• [WHAT TO DO] Copy the data below verbatim, leaving no line out.

• [INPUT MATERIAL]
= Beginning of Section =
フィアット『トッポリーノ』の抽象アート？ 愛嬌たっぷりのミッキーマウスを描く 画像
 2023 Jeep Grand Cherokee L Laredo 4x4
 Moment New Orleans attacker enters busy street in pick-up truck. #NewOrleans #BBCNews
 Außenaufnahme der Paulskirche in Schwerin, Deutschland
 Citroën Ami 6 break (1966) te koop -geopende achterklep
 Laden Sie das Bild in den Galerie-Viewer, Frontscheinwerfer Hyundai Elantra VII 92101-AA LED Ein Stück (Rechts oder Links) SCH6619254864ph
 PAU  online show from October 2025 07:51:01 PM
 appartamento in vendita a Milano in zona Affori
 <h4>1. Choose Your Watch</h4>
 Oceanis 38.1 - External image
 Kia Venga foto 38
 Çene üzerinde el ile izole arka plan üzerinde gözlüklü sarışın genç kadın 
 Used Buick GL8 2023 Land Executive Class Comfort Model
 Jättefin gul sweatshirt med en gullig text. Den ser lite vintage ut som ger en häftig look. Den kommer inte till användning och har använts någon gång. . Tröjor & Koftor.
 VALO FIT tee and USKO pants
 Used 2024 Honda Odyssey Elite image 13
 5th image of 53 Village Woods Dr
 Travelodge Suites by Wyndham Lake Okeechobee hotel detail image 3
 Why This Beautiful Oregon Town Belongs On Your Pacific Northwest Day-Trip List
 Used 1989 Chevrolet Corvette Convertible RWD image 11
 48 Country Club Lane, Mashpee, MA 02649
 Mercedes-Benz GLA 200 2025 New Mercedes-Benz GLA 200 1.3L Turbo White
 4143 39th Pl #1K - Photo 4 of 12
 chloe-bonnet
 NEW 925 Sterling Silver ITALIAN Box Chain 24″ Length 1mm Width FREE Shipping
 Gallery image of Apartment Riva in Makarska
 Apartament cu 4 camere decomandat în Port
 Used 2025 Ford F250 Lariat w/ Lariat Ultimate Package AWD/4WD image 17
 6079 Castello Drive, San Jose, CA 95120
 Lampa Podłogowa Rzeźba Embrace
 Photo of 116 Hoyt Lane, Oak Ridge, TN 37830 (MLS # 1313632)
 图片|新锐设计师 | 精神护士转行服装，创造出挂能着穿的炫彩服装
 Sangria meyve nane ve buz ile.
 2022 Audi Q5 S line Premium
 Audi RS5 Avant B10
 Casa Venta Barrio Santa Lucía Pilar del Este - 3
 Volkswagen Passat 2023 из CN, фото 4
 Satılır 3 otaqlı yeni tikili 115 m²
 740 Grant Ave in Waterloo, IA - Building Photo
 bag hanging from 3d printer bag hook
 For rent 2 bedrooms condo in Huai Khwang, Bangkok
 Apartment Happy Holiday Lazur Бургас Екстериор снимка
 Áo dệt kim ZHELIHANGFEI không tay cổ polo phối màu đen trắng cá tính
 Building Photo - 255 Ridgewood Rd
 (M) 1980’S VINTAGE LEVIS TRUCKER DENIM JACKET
= End of Section =
• [THE COMPLETED TASK]
フィアット『トッポリーノ』の抽象アート？ 愛嬌たっぷりのミッキーマウスを描く 画像
 2023 Jeep Grand Cherokee L Laredo 4x4
 Moment New Orleans attacker enters busy street in pick-up truck. #NewOrleans #BBCNews
 Außenaufnahme der Paulskirche in Schwerin, Deutschland
 Citroën Ami 6 break (1966) te koop -geopende achterklep
 Laden Sie das Bild in den Galerie-Viewer, Frontscheinwerfer Hyundai Elantra VII 92101-AA LED Ein Stück (Rechts oder Links) SCH6619254864ph
 PAU  online show from October 2025 07:51:01 PM
 appartamento in vendita a Milano in zona Affori
 <h4>1. Choose Your Watch</h4>
 Oceanis 38.1 - External image
 Kia Venga foto 38
 Çene üzerinde el ile izole arka plan üzerinde gözlüklü sarışın genç kadın 
 Used Buick GL8 2023 Land Executive Class Comfort Model
 Jättefin gul sweatshirt med en gullig text. Den ser lite vintage ut som ger en häftig look. Den kommer inte till användning och har använts någon gång. . Tröjor & Koftor.
 VALO FIT tee and USKO pants
 Used 2024 Honda Odyssey Elite image 13
 5th image of 53 Village Woods Dr
 Travelodge Suites by Wyndham Lake Okeechobee hotel detail image 3
 Why This Beautiful Oregon Town Belongs On Your Pacific Northwest Day-Trip List
 Used 1989 Chevrolet Corvette Convertible RWD image 11
 48 Country Club Lane, Mashpee, MA 02649
 Mercedes-Benz GLA 200 2025 New Mercedes-Benz GLA 200 1.3L Turbo White
 4143 39th Pl #1K - Photo 4 of 12
 chloe-bonnet
 NEW 925 Sterling Silver ITALIAN Box Chain 24″ Length 1mm Width FREE Shipping
 Gallery image of Apartment Riva in Makarska
 Apartament cu 4 camere decomandat în Port
 Used 2025 Ford F250 Lariat w/ Lariat Ultimate Package AWD/4WD image 17
 6079 Castello Drive, San Jose, CA 95120
 Lampa Podłogowa Rzeźba Embrace
 Photo of 116 Hoyt Lane, Oak Ridge, TN 37830 (MLS # 1313632)
 图片|新锐设计师 | 精神护士转行服装，创造出挂能着穿的炫彩服装
 Sangria meyve nane ve buz ile.
 2022 Audi Q5 S line Premium
 Audi RS5 Avant B10
 Casa Venta Barrio Santa Lucía Pilar del Este - 3
 Volkswagen Passat 2023 из CN, фото 4
 Satılır 3 otaqlı yeni tikili 115 m²
 740 Grant Ave in Waterloo, IA - Building Photo
 bag hanging from 3d printer bag hook
 For rent 2 bedrooms condo in Huai Khwang, Bangkok
 Apartment Happy Holiday Lazur Бургас Екстериор снимка
 Áo dệt kim ZHELIHANGFEI không tay cổ polo phối màu đen trắng cá tính
 Building Photo - 255 Ridgewood Rd
 (M) 1980’S VINTAGE LEVIS TRUCKER DENIM JACKET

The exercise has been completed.